> _DIRECTIONS FOR THIS TASK_
Please write out every line of the material, leaving out any picture.

───── MATERIAL FOR THIS EXERCISE

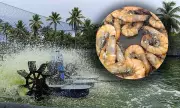Japanese Shrimp Farm in Davao Oriental to Boost Production with Nanobubble Tech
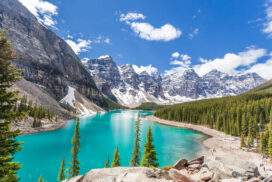 California Bucketlist: Roadtrip Dreams & National Wonders!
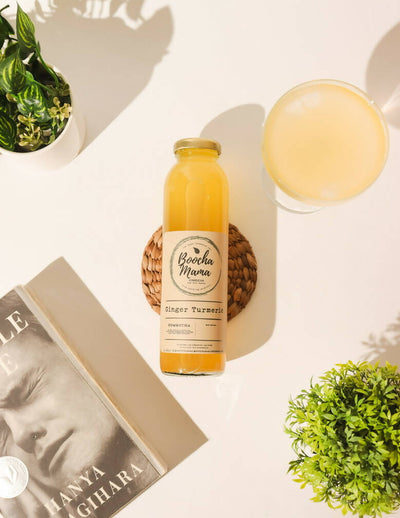 Boochamama Craft Kombucha - image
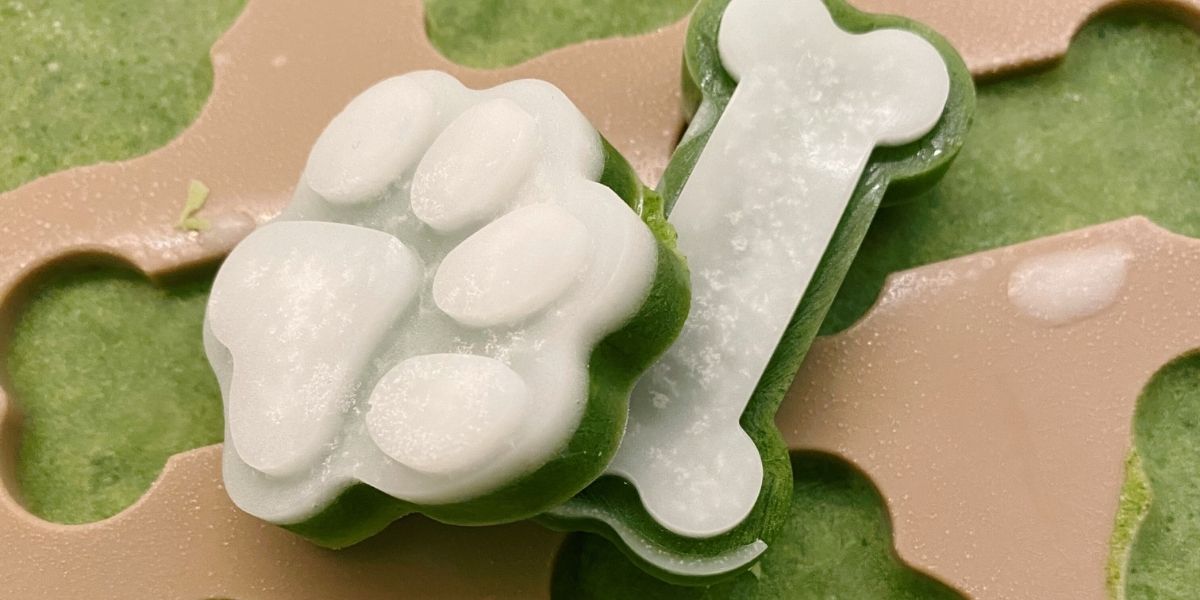 hjemmelavede mintpastiller til hund mod dårlig ånde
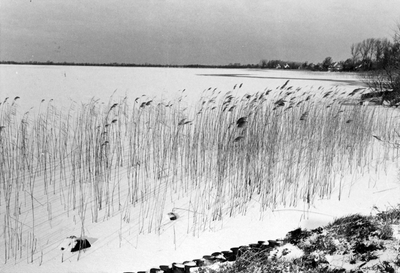 848433 Gezicht over de dichtgevroren Vinkeveense Plassen.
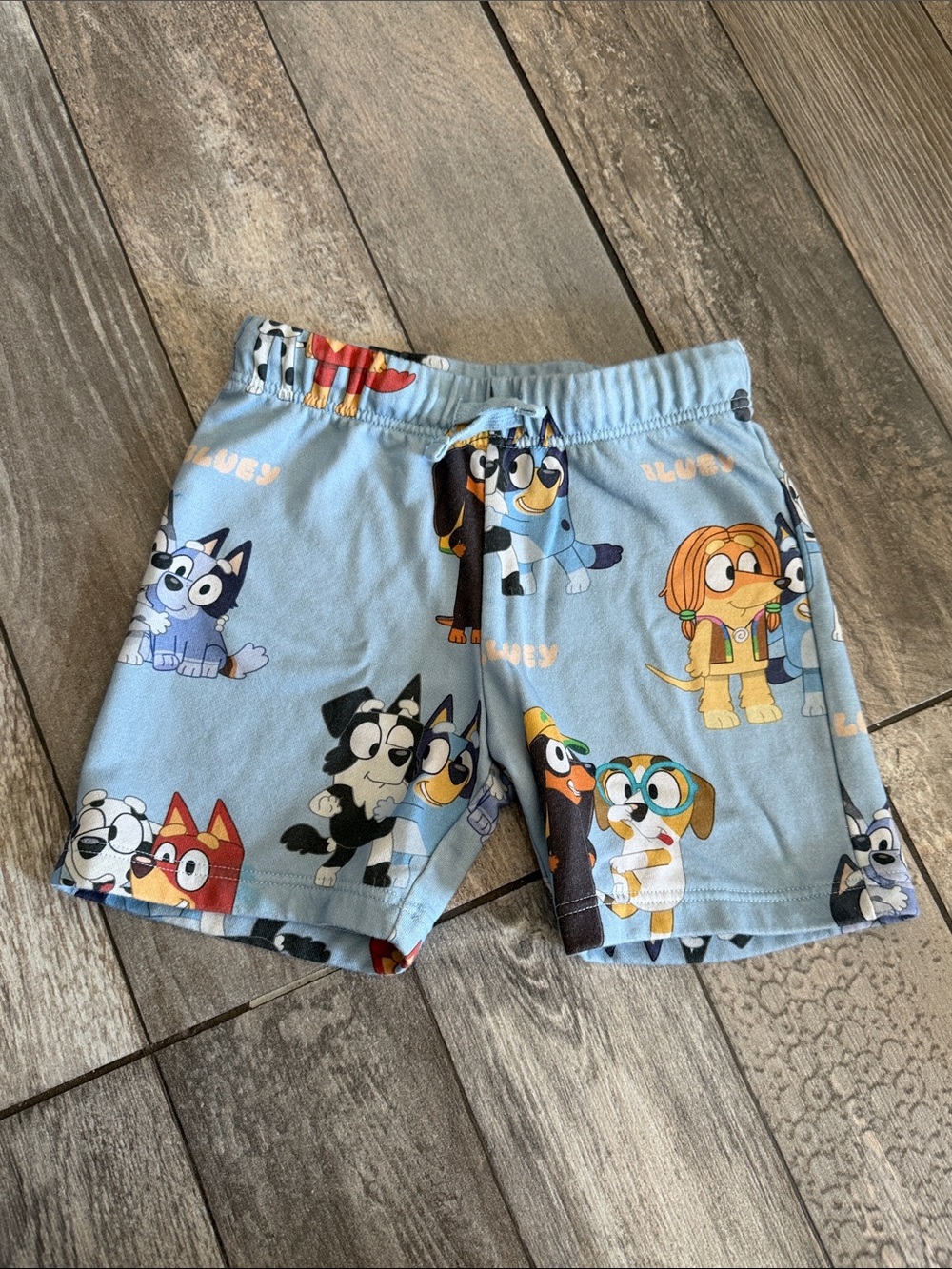 H&M Light Blue Cartoon Puppy Lounge Shorts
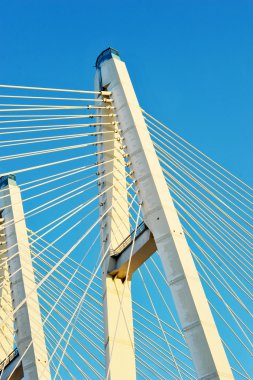 Büyük Obukhovsky Köprüsü (Askılı) Neva Nehri, St. Pe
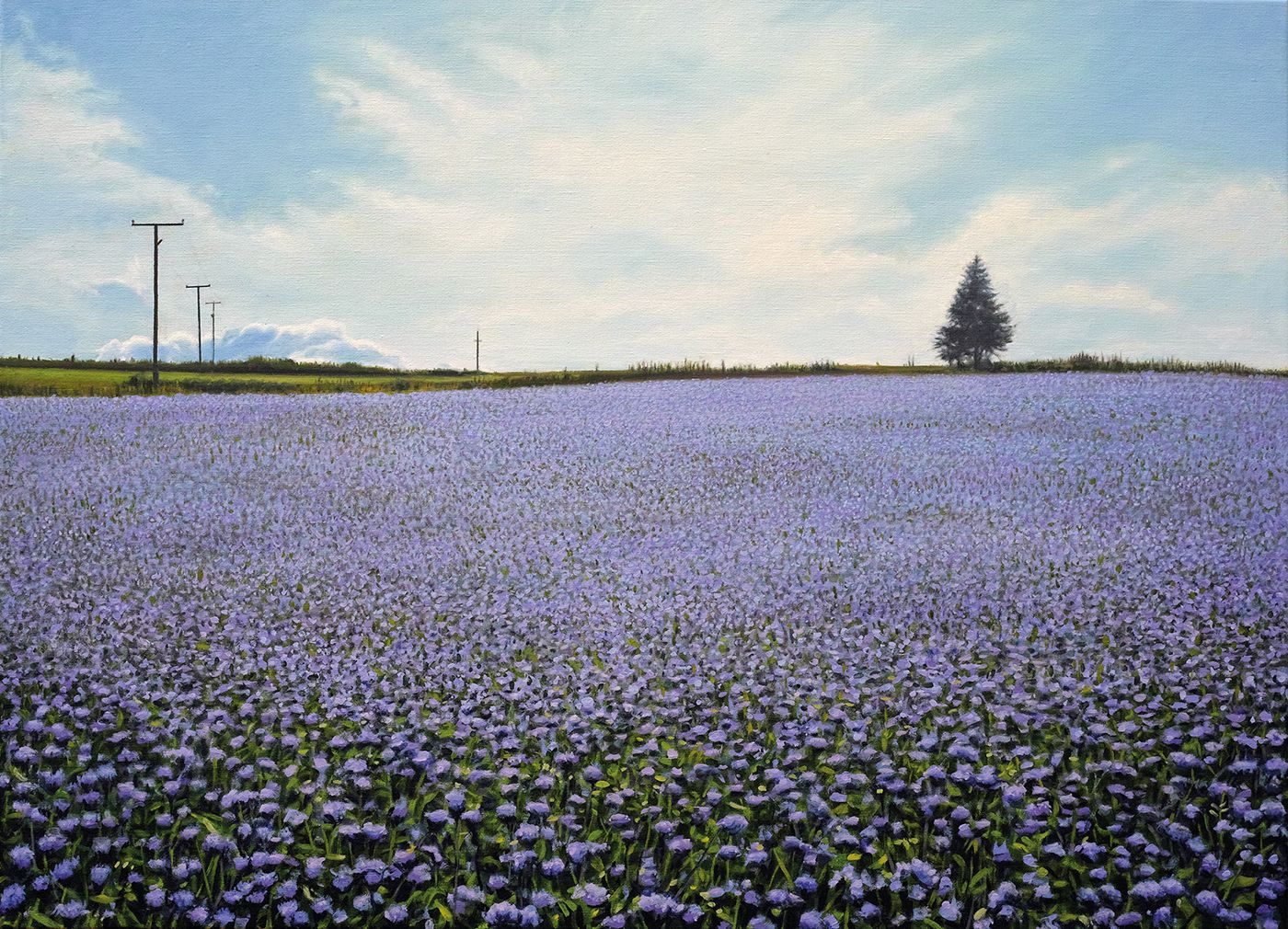 Online Exhibition By Scottish Artist Philip Braham Explores Environments Close To Home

──────────

> _WRITTEN ANSWER_
Japanese Shrimp Farm in Davao Oriental to Boost Production with Nanobubble Tech
 California Bucketlist: Roadtrip Dreams & National Wonders!
 Boochamama Craft Kombucha - image
 hjemmelavede mintpastiller til hund mod dårlig ånde
 848433 Gezicht over de dichtgevroren Vinkeveense Plassen.
 H&M Light Blue Cartoon Puppy Lounge Shorts
 Büyük Obukhovsky Köprüsü (Askılı) Neva Nehri, St. Pe
 Online Exhibition By Scottish Artist Philip Braham Explores Environments Close To Home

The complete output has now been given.